Representing Caricom not an opportunity to see the world
In these days of economic crises, it is imperative that all institutions reduce expenses while maintaining their efficiency and output. This is an unavoidable exercise which individuals, private enterprises, and governments have to do.
This imperative also applies to regional institutions, such as the Caricom Secretariat, which must economise. With few exceptions, regional institutions, including vital ones such as the University of the West Indies (UWI), are experiencing financial difficulties. Regrettably, old spending habits persist.
The Caricom Secretariat is an example where there is perpetual and unnecessary travel. There are too many trips, including extra-regional ones, with oversized delegations. In this age of computers, e-mail and cellular phones there needs to be more use of teleconferencing and the number of meetings needs to be drastically reduced.
Staff in regional institutions travel with impunity, when the ministers and officials from member states have to get Cabinet approval to travel.
The problem arises from the state of mind of staff who believe that travel is an entitlement of any modern technocrat. It is made attractive by earning extra in the form of a per diem, and international travel is seemingly a symbol of success. Foreign travel is an addiction of officials from small countries like those in the Caribbean. The mindset is one of trying to visit as many countries as possible, and to recall these publicly as a credential of self-importance.
The insatiable appetite for travel also afflicts those who are appointed to represent the Caribbean at international organisations.
The wanton abuse of foreign travel by persons in regional institutions or those representing Caricom in overseas institutions is a form of corruption, because it is costly to the region both financially and in lost working time. Just as bad, the excessive non-essential travel has become a cause for disparaging comments by officials from developed countries whose money, in many instances, pays for this self-indulgent travel.
Developed country governments wonder at the business class travel when their ministers are forced to travel economy and when the Caricom representatives are arriving to solicit aid and grants justifying this on their impecunious state.

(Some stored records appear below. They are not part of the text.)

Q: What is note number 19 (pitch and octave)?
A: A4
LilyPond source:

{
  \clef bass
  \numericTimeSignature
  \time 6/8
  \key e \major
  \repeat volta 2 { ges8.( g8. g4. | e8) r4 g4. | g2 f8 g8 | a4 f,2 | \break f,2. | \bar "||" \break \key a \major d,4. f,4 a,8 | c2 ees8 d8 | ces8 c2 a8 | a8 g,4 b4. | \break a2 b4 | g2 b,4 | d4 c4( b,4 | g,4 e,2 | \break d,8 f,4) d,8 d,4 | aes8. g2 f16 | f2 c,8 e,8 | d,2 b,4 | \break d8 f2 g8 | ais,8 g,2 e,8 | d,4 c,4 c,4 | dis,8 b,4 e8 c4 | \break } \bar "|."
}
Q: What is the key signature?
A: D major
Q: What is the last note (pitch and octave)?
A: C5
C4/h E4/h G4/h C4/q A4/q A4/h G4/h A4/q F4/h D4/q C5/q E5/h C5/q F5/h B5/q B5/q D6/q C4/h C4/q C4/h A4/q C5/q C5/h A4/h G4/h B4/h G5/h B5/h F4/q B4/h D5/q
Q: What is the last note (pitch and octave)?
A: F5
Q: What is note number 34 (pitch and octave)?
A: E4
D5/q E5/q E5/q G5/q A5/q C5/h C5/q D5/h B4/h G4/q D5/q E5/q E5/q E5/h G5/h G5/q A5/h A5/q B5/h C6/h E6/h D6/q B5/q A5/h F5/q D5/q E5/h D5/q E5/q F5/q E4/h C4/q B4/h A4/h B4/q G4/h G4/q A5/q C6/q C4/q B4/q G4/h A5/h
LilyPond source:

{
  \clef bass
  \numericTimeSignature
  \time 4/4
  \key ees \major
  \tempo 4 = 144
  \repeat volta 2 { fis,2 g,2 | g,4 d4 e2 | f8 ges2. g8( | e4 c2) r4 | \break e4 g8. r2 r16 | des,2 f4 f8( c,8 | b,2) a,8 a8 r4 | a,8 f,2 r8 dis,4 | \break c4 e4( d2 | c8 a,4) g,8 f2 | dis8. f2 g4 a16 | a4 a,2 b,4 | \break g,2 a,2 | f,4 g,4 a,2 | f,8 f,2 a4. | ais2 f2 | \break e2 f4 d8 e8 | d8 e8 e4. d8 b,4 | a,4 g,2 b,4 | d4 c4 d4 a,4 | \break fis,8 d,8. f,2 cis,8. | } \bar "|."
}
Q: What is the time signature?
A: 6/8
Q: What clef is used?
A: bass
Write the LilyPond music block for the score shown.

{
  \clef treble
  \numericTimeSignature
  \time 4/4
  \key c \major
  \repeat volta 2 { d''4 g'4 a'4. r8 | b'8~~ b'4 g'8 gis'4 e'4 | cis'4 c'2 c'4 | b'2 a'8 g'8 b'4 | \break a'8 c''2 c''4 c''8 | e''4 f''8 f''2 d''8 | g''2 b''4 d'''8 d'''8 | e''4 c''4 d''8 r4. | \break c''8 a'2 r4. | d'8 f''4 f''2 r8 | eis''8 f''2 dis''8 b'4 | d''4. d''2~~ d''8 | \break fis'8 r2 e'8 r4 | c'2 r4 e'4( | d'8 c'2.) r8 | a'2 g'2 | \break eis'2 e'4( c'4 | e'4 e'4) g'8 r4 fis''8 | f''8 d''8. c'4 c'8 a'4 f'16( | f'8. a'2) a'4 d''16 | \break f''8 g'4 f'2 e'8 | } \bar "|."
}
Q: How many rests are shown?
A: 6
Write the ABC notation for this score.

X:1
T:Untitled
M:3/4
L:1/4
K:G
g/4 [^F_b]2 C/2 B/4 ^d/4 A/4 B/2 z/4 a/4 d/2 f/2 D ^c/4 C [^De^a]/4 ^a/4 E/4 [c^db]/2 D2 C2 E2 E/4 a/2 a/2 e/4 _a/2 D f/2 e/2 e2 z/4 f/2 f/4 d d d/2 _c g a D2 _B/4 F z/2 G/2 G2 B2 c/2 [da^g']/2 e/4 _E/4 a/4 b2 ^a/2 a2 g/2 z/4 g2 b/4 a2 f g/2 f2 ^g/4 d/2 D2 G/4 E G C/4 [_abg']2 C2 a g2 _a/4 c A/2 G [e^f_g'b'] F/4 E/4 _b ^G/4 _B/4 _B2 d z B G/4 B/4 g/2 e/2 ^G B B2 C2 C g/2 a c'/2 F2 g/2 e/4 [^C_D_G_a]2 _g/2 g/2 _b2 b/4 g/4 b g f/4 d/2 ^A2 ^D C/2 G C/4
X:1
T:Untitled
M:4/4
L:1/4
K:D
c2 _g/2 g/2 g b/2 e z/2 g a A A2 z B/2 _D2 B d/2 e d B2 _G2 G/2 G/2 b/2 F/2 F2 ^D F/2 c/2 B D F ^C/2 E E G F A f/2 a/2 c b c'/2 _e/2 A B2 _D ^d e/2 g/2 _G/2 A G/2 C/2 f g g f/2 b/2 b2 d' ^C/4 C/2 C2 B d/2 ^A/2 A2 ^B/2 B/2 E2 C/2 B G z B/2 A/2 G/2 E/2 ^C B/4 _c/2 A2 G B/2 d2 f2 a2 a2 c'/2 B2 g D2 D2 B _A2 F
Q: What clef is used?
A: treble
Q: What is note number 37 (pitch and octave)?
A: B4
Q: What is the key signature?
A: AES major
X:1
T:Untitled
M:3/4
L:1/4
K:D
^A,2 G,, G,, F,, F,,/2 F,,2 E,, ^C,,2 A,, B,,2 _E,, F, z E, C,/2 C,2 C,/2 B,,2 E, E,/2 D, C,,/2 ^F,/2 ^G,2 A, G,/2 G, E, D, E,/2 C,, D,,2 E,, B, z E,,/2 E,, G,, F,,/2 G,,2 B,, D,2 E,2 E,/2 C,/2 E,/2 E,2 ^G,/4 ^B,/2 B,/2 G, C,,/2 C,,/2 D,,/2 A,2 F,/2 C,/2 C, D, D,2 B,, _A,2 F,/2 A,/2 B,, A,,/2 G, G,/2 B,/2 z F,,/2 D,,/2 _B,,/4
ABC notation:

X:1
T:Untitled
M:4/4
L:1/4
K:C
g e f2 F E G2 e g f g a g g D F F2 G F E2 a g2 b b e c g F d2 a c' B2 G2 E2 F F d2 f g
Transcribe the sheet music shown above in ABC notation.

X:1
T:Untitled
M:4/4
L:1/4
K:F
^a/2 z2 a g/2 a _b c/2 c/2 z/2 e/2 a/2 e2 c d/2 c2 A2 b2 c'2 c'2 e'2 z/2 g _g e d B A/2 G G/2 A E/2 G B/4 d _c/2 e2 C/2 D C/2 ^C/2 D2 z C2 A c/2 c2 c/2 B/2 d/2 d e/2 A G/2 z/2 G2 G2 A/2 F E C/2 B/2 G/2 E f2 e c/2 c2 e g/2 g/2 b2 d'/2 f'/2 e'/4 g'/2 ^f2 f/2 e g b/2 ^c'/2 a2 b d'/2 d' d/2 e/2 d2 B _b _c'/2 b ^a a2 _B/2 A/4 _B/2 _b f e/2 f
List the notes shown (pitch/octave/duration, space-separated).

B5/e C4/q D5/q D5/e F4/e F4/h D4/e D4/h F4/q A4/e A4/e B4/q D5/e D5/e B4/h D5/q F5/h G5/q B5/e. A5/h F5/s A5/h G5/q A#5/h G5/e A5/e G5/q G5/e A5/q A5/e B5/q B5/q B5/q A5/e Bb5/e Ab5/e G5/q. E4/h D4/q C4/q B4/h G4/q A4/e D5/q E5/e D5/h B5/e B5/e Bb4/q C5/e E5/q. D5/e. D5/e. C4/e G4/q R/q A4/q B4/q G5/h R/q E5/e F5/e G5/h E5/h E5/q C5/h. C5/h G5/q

Representing Caricom is not an opportunity to see the world, it is an opportunity for service to the poor people of the Caribbean. Unnecessary travel is a reprehensible dereliction of duty. We urge those guilty of this excess to think on this as they jet off to relax in comfortable hotel rooms deluding themselves and the governments whose work that they are neglecting.
Ministers of finance of Caricom countries must look into this abuse and take corrective action.